All in all, the standardization of the platforms according to these standards should significantly improve the findability of Open Access monographs, which is not always optimal today.

4.2.2. Entity Recognition Tool for Discoverability and Enrichment of Texts

Entity extraction and resolution is the task of determining the identity of entities mentioned in a text against a knowledge base representing the reality of the domain under consideration. This could be the recognition of generic Named Entities suitable in general purpose subjects, like people, location, organizations, and so on, but it could also involve the resolution of specialist entities in different domains.

To increase discoverability and usability of OA Monographs, HIRMEOS experimented with the integration of a Named Entity Recognition and Disambiguation (NERD) for visualizing key words and disambiguating concepts in the full text. The software powering this service, called entity-fishing, was initially developed by Inria in the context of the EU FP7 project CENDARI4 and provides automatic entity recognition and disambiguation using Wikipedia and Wikidata data sets. The application is distributed with an open-source license, and it has been deployed as a web service in DARIAH’s infrastructure hosted by the French HumaNum.5 The entity-fishing interface implements a variety of functionalities, like language recognition, sentence segmentation, and modules for accessing and looking up concepts in the knowledge base. One of the most widely implemented use cases was the improvement of the platform’s search interface using entities extracted from the library content. This was done by extracting specific Named Entities then enabling users filtering their search with these complementary parameters.

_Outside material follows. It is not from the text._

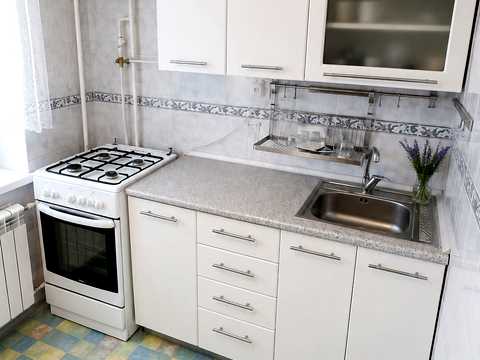 квартира за адресою Теремківська вул., 21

For example, OpenEdition extended their Books Catalogue6 by adding two additional facets to filter out books by entities of the type PERSON and LOCATION. Along the same lines, Goettingen State Library also extracted mentions to organizations from the library corpus in their book catalog.7 Once the annotation data is collected and stored, it can also be used for automatic generation of word clouds at the repository level, with words displayed by their importance (relevance, frequency, etc.).8 Users are then able to access the most important concepts at library level. The underlying data is effectively the same used for facet searching, but with different visualization options.

4.2.3. Certification of Scientific Quality

The majority of scientific monographs undergo intensive quality assurance and evaluation procedures, which are, however, less standardized in the SSH than in other disciplines. Regardless of which review procedure would be optimal for monographs, HIRMEOS is developing a certification system that categorizes and standardizes review procedures. In this way, users can immediately recognize which review procedure a publication has undergone. A peer review certificate and an OA license certificate will be added to each document published on the five platforms.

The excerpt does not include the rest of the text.